Días atrás, Shell recibió un palazo en una corte de La Haya, que la obliga a reducir el 45% de sus emisiones (equivalente nada menos que a todas las de Rusia) de aquí a 2030, respecto de sus niveles de 2019, aplicable a los 80 países en los que opera, incluyendo cadena de proveedores y consumidores finales. El compromiso de la compañía —una de las 21 más contaminantes del mundo— era disminuirlas sólo 20% en esta década y neutralizadas para 2050. Una orden judicial ahora le dice lo que ya sabíamos todos: esto no es suficiente. Tiene que hacer más. Mucho más. Sobre todo, si consideramos que, ya en 1988, según consta en documentación interna, Shell no sólo entendía el cambio climático, sino también cómo sus actividades estaban contribuyendo a agravarlo.
El fallo es histórico: por primera vez, se responsabiliza legalmente a una empresa por su contribución al calentamiento global y se usa el Acuerdo de París en una orden judicial de estas características. Esto sienta un precedente importantísimo: más juicios vendrán. Prepárense.
Casi en simultáneo, pero del otro lado del Atlántico, hubo una rebelión en la asamblea de accionistas de ExxonMobil, una compañía que ni siquiera cuenta con objetivos para mitigar el cambio climático. El grupo de inversores institucionales Engine N1 colocó dos miembros en el Directorio de la petrolera para reorientar su política climática. Esto, que lejos de la cultura corporativa no parece gran cosa, se sintió como un terremoto en la industria. Exxon es la compañía hidrocarburífera más grande de los Estados Unidos. Y sus propios inversores le están diciendo que deberá adaptar su negocio a las condiciones del clima, porque, en caso contrario, no tendrá futuro alguno.

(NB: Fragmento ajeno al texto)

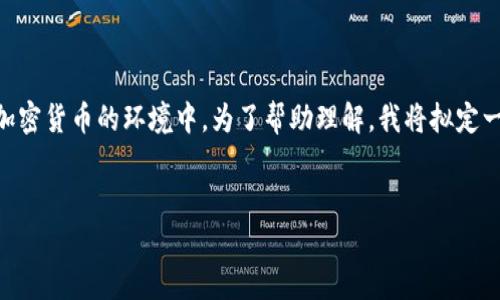 这个问题涉及到网络安全和资金安全，特别是在区块链和加密货币的环境中。为了帮助理解，我将拟定一个、关键词，并提供一个内容大纲，同时回答七个相关问题。

### 
如何识别和防止Tokenim链接诈骗：深入分析和应对策略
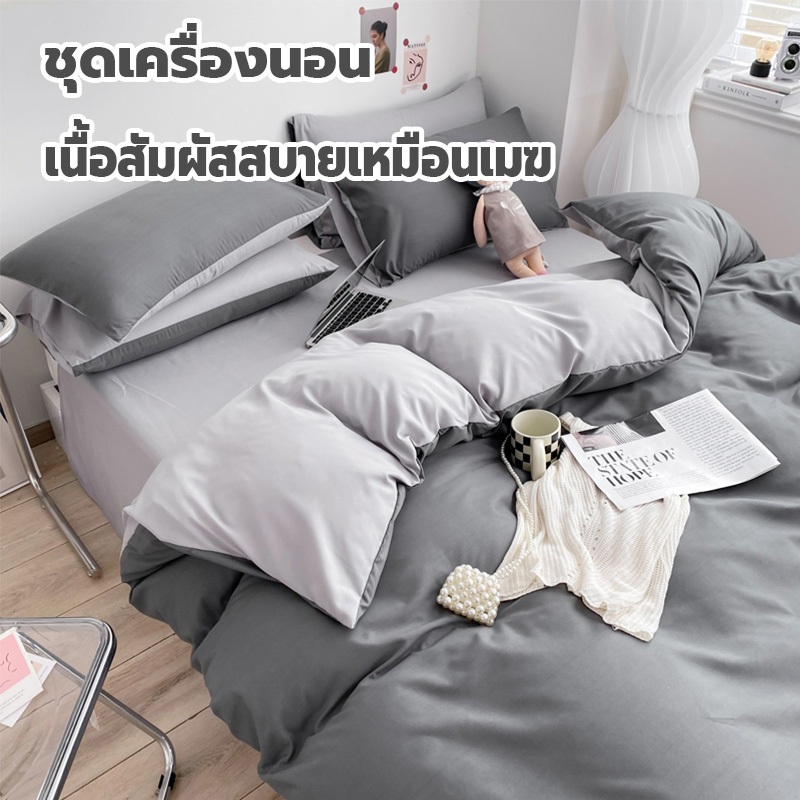 ชุดเครื่องนอน ผ้าฝ้ายล้างน้ำ ครบเซ็ต4ชิ้น 6ฟุต 7ฟุต เนื้อสัมผัสอ่อนนุ่ม และระบายอากาศได้ดี สีไม่หลุดง่าย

Lo mismo le pasó a Chevron, el otro gran gigante norteamericano, en otra asamblea de accionistas. El grupo de activistas institucionales Follow This logró que la firma aceptara como propia la huella en la atmósfera que produce la quema de sus productos por parte de sus consumidores, lo que se conoce técnicamente como “scope 3”. Gol de mitad de cancha.

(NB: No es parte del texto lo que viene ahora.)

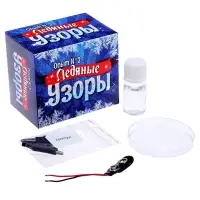 Набор для опытов &laquo;Волшебная история&raquo;, 8 опытов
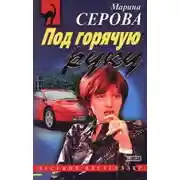 Постер книги Под горячую руку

La industria en su conjunto sentirá el peso de estas decisiones. Se sentirá en Vaca Muerta, lo sentirá YPF, lo sentirán todos los que insisten con vender espejitos de color negro. No solo lo decimos nosotras. Lo dicen los números, y ahora también jueces y accionistas. Lo dice la propia Agencia Internacional de Energía, que fue constituida para defender la existencia del flujo del petróleo durante el boicot de los países árabes en los ‘70s. A mediados de mayo, el organismo debió reconocer que, para que el aumento de la temperatura media global no supere 1,5°C antes de fin de siglo, de aquí en más no puede haber nuevos desarrollos de gas, petróleo y carbón. El futuro, queda claro, será renovable, o no será.